**Try it:** Exactly and only the lines from the one with "Produktbild: Data Management" through the last line of the records need to be set down; please skip the pictures.

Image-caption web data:
/---
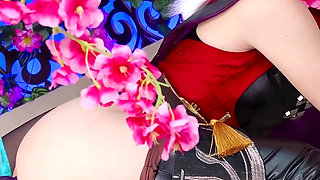 Genshin Impact - Anal Ascension - Creampie, Fisting, Gaping & Huge Dildo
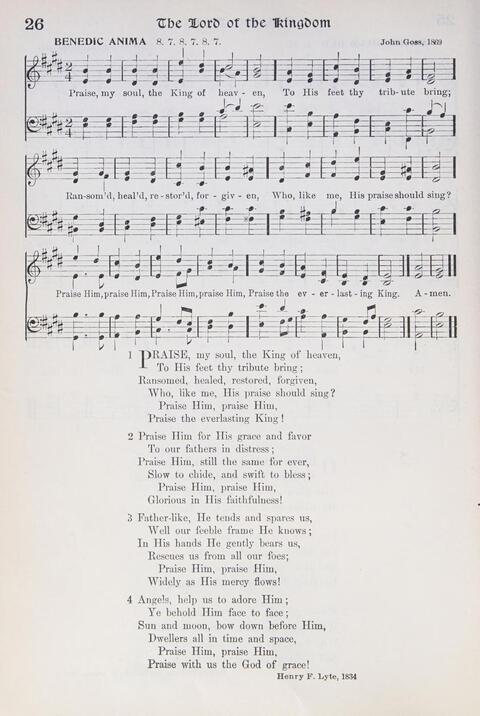 Hymns of the Kingdom of God page 26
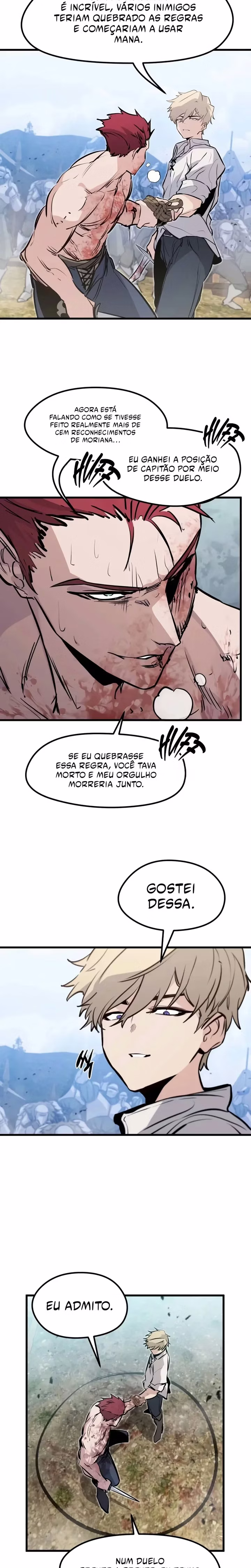 Página 26 de Os Planos do Mercenário Regressado - Capítulo 19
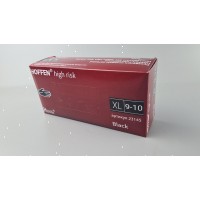 Перчатки резиновые 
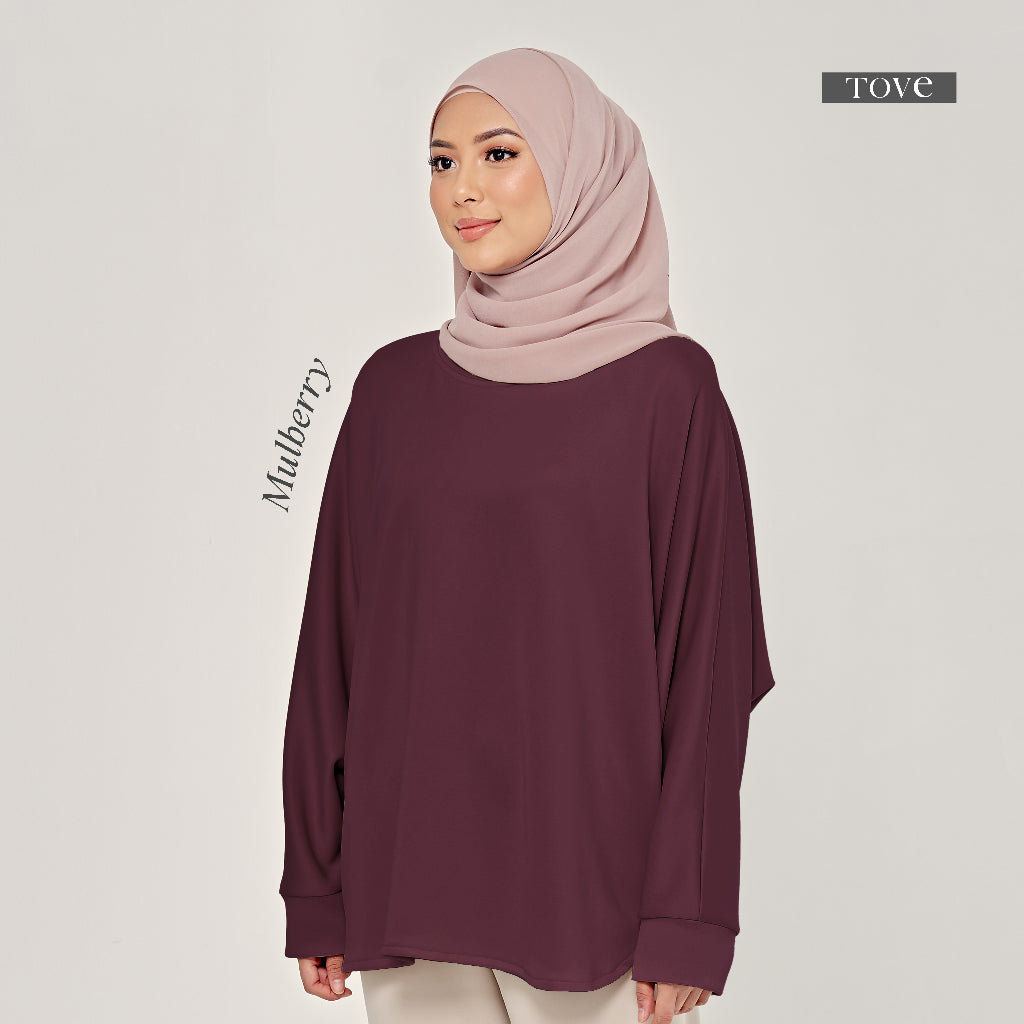 BAJU BATWING COMFY BY TOVE  ( BAJU SAHAJA )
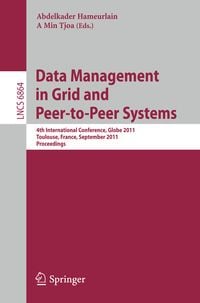Produktbild: Data Management in Grid and Peer-to-Peer Systems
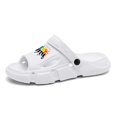 thumbnail image 1 of Men's Beach Slippers with Soft Low Arch Support Comfortable Thick Sole Anti Slip Easy To Clean, 1 of 5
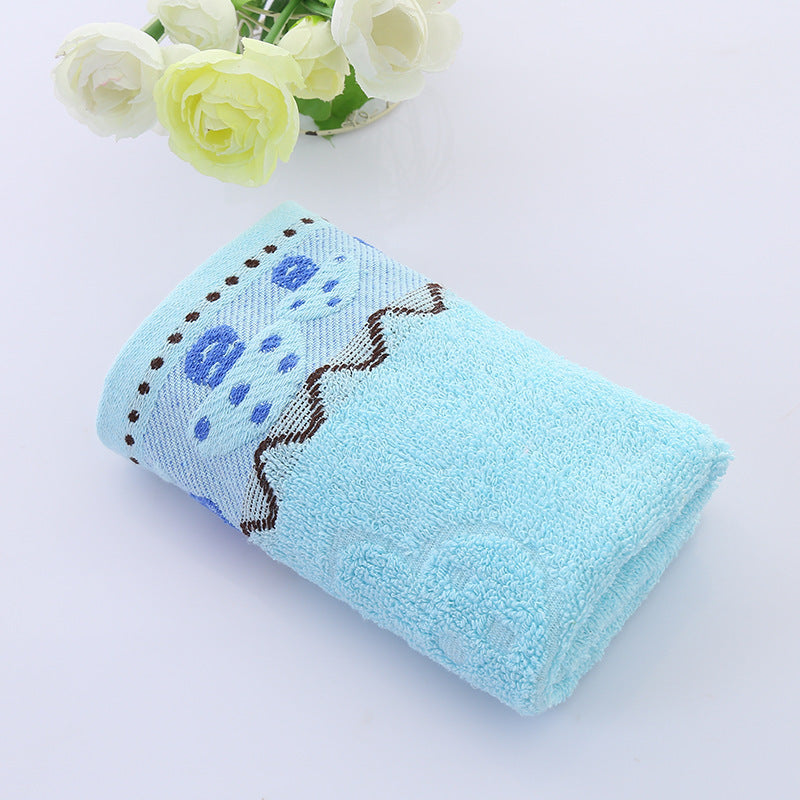 Soft Cotton Face Towel: Vibrant Colors, Luxurious Feel - Killer Products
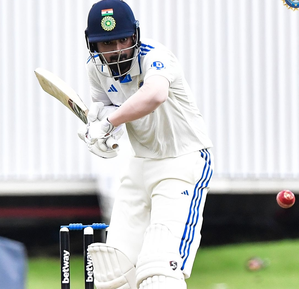 IND v SA: Rabada takes 5-41 as India slump to 176/7 at tea on Day 1 | IND v SA: Rabada takes 5-41 as India slump to 176/7 at tea on Day 1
\---
**Exercise answer:**
Produktbild: Data Management in Grid and Peer-to-Peer Systems
 thumbnail image 1 of Men's Beach Slippers with Soft Low Arch Support Comfortable Thick Sole Anti Slip Easy To Clean, 1 of 5
 Soft Cotton Face Towel: Vibrant Colors, Luxurious Feel - Killer Products
 IND v SA: Rabada takes 5-41 as India slump to 176/7 at tea on Day 1 | IND v SA: Rabada takes 5-41 as India slump to 176/7 at tea on Day 1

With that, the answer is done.